More than a fifth of Syria’s schools have been destroyed or made unusable in more than two years of conflict, jeopardizing the education of 2.5 million young people. (http://www.reuters.com/article/2013/07/11/us- syria- crisis-children-idUSBRE96A14G20130711) Due to demolition of the buildings such as hospitals, civilians do not get access to shelter and healthcare which makes them become very sick. A report by the Feinstein International Center in November 2012 stated clearly that, one in three Afghan children are very ill, with rates of malnourishment far higher in conflicted affected regions such as those in the country’s south. Among children under 5 years old, Afghanistan has the highest rate of stunted growth in the world. Access to healthcare remains very limited, with 15% of the population without access to even the most basic healthcare services.
In areas where there is still fighting happening, militants lack respect for the neutrality of healthcare facilities, making attending these facilities dangerous. Additionally, the “War on Terror” forces citizens to move out of their country due to the broken down state of the country after the shootings and bombings.
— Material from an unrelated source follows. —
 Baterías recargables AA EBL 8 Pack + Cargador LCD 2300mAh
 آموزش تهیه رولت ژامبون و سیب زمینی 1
Since they have no place to stay and can’t get access to food nor safety, the situation forces them to migrate to other neighboring countries hence becoming refugees in order to survive and have basic human rights.
We have been witnessing the deteriorating state of which this “War On Terror” is being used to actively break the law on the fundamental human rights of civilians’ of the victimized countries, in the likes of them being killed unfairly and tortured without any particular reason. Indeed, there is no argument that the “War on Terror” has increased surveillance of the general population of specific groups and given the police more powers in their jurisdiction to fight against terrorist.